SOURCE MATERIAL
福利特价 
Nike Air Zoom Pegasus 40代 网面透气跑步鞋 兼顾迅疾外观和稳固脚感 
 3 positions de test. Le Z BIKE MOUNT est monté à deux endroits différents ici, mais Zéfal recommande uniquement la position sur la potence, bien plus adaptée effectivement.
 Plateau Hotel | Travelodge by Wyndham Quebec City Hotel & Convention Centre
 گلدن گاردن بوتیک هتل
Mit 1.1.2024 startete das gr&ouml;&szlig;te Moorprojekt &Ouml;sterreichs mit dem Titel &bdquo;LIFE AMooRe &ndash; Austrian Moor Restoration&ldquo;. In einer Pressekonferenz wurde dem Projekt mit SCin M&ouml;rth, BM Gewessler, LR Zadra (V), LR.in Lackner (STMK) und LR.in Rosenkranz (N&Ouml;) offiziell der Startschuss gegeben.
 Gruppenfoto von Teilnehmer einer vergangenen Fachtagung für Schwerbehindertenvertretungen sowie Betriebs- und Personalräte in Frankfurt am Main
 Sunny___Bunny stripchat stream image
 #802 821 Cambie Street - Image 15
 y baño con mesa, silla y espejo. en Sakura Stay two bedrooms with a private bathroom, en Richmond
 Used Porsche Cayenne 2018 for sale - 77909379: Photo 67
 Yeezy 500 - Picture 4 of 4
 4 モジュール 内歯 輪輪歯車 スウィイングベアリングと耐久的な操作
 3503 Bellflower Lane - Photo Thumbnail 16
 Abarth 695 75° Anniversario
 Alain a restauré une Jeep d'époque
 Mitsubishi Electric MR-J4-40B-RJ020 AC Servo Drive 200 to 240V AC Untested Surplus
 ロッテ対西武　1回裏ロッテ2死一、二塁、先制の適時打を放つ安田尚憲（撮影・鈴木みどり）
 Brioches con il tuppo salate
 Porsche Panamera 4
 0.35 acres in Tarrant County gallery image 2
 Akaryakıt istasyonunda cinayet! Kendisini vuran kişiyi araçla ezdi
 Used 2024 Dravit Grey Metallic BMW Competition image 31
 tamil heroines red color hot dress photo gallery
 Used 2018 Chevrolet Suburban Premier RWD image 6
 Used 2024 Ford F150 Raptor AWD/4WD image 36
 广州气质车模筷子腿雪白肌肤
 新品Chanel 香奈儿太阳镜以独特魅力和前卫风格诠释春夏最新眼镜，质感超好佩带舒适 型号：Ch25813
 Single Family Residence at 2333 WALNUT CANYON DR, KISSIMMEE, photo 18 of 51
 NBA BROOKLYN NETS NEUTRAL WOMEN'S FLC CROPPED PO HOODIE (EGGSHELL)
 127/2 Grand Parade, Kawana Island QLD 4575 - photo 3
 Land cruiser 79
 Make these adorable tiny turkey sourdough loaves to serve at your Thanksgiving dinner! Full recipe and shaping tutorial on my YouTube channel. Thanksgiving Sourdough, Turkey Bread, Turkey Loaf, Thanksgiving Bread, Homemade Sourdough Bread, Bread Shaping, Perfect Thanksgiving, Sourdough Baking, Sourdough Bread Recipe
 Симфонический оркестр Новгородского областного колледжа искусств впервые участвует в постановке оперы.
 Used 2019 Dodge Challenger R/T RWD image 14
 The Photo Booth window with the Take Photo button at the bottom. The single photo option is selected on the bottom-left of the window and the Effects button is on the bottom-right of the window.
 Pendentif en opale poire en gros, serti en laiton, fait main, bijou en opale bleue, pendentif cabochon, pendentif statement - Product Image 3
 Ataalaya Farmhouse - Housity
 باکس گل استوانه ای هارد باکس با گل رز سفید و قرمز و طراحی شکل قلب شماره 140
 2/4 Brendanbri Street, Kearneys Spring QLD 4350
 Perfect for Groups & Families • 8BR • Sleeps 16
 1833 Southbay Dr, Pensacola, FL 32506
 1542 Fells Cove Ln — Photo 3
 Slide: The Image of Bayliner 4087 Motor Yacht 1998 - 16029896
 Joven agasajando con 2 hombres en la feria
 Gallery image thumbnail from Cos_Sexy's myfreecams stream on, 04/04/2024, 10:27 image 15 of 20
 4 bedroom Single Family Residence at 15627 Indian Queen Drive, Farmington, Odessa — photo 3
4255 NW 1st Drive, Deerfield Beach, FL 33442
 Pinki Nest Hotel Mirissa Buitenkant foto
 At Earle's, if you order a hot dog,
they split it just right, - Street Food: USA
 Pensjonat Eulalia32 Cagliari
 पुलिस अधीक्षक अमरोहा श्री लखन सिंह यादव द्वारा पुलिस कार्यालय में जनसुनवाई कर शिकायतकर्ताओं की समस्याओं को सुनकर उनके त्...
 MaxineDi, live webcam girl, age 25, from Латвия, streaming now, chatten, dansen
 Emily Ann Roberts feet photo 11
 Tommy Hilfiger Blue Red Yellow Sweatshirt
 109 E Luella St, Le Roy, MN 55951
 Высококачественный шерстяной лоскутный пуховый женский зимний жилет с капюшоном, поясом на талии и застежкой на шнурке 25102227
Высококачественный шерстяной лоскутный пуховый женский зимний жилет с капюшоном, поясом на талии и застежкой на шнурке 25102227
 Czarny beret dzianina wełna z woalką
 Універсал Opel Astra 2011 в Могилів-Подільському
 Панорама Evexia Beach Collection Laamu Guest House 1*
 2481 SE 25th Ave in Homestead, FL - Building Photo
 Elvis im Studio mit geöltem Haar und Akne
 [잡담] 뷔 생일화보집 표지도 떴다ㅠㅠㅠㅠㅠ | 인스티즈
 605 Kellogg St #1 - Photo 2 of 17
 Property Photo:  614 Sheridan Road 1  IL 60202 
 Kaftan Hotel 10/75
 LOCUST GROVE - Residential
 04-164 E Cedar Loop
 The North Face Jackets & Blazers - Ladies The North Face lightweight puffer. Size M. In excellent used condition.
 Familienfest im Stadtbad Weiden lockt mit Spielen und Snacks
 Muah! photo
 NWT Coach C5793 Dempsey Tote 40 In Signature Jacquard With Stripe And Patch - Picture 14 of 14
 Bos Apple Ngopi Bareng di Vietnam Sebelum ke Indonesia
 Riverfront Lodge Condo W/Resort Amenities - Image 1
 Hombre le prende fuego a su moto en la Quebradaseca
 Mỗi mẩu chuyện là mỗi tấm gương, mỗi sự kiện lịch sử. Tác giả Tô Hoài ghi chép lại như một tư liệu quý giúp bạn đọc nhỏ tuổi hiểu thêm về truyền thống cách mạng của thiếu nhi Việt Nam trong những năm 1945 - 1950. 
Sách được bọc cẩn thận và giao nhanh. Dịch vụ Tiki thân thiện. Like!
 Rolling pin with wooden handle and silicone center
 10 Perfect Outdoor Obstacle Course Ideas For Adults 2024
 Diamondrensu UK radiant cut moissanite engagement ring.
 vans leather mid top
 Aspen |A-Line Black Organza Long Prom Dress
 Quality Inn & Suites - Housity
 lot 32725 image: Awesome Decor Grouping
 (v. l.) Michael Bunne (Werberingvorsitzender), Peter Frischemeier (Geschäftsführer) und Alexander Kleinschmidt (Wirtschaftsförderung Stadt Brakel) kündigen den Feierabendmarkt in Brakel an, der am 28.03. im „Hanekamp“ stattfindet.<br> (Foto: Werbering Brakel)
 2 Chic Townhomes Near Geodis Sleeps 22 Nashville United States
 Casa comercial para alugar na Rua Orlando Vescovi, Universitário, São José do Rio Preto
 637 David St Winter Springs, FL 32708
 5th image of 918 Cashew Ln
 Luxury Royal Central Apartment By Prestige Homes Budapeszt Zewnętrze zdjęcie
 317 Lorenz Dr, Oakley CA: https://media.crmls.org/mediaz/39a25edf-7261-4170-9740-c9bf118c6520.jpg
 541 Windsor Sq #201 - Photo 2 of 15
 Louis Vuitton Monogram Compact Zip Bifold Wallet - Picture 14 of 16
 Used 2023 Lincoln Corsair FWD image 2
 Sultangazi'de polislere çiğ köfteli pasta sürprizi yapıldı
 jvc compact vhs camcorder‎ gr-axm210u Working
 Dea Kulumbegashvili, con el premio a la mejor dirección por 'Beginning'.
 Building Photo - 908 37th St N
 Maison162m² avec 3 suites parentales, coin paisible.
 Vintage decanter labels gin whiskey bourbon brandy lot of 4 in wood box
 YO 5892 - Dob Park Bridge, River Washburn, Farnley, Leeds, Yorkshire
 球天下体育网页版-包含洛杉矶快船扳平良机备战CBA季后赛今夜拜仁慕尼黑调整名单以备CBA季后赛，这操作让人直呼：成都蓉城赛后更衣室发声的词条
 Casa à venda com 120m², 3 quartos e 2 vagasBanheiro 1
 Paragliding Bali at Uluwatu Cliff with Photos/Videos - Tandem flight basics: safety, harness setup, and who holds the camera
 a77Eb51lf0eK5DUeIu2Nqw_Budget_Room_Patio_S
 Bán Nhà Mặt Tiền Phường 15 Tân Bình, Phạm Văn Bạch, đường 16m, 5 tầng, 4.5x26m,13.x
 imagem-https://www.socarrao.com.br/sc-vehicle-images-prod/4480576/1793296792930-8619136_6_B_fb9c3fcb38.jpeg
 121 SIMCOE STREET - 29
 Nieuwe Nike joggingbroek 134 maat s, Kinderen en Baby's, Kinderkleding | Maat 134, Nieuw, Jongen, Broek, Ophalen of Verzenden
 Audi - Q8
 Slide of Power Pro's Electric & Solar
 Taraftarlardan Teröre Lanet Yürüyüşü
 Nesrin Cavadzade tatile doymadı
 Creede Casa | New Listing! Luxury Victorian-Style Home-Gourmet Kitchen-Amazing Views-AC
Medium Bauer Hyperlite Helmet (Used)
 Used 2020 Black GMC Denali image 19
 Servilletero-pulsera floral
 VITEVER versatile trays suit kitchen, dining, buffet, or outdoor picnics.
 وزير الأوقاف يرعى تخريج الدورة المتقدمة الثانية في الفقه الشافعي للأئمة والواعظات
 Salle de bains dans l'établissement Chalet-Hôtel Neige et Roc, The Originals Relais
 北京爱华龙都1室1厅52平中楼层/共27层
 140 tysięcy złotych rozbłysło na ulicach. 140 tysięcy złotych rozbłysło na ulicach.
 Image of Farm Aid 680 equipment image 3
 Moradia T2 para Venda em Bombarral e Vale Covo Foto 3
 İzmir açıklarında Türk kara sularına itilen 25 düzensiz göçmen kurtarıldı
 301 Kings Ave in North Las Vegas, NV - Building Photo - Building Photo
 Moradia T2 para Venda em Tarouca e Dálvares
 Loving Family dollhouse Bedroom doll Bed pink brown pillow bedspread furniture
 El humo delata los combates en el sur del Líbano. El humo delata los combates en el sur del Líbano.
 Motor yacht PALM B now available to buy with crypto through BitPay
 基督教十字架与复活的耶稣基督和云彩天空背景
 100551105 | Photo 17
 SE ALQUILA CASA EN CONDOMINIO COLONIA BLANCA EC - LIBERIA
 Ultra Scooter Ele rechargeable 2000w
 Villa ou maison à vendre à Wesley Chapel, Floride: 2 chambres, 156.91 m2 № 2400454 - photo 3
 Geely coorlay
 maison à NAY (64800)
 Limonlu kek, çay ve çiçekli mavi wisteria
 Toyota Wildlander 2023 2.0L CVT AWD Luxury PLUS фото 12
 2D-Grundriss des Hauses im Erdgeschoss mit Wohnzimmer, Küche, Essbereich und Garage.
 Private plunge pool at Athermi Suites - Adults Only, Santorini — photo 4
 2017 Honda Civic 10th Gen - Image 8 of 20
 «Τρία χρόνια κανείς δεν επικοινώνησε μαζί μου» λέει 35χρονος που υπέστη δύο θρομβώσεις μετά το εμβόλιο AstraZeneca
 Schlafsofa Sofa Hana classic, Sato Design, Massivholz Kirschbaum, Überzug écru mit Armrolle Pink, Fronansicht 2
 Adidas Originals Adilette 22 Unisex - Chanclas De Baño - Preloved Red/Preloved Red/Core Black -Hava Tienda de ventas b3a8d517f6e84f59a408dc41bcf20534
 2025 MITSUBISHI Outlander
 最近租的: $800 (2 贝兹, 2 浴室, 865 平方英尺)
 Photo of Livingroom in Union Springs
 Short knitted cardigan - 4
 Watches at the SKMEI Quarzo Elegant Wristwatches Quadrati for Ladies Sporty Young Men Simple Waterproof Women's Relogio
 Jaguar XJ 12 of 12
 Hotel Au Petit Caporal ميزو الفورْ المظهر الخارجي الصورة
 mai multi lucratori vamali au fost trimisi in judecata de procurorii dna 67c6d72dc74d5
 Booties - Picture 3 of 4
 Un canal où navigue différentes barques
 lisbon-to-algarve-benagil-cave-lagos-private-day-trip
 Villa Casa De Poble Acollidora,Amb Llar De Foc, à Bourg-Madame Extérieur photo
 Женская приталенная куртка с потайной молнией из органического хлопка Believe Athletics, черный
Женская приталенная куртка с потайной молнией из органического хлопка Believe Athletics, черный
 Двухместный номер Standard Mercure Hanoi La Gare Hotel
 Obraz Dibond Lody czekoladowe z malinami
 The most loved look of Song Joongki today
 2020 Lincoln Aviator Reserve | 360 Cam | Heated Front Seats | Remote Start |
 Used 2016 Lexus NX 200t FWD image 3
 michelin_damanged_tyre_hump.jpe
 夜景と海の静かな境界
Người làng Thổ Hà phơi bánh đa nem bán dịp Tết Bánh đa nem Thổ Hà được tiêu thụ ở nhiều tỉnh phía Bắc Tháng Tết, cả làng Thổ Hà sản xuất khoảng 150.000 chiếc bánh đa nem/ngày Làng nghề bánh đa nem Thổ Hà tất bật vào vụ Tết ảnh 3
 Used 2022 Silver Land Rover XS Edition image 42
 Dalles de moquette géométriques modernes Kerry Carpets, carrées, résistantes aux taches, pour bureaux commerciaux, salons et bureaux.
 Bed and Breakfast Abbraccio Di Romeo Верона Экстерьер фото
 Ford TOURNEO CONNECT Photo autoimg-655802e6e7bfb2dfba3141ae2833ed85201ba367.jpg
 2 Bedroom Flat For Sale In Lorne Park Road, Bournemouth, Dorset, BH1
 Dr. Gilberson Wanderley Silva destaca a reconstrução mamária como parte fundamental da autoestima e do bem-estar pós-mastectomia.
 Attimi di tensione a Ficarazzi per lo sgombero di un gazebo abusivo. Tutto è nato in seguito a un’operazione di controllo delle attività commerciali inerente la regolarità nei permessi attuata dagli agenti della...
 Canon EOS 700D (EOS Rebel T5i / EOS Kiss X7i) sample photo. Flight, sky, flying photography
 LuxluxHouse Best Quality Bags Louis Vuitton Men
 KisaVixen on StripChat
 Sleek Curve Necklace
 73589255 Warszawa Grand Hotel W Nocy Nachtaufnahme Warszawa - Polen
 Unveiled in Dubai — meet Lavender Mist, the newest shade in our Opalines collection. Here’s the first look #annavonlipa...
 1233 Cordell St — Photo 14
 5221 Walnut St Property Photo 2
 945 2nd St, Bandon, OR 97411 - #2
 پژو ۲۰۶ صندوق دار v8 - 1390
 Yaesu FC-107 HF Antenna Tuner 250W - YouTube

EXERCISE BRIEF
The required output is the stretch of entries above from the line containing "Land cruiser 79" through the line containing "Used 2019 Dodge Challenger R/T RWD image 14", reproduced exactly.

ANSWER SECTION
 Land cruiser 79
 Make these adorable tiny turkey sourdough loaves to serve at your Thanksgiving dinner! Full recipe and shaping tutorial on my YouTube channel. Thanksgiving Sourdough, Turkey Bread, Turkey Loaf, Thanksgiving Bread, Homemade Sourdough Bread, Bread Shaping, Perfect Thanksgiving, Sourdough Baking, Sourdough Bread Recipe
 Симфонический оркестр Новгородского областного колледжа искусств впервые участвует в постановке оперы.
 Used 2019 Dodge Challenger R/T RWD image 14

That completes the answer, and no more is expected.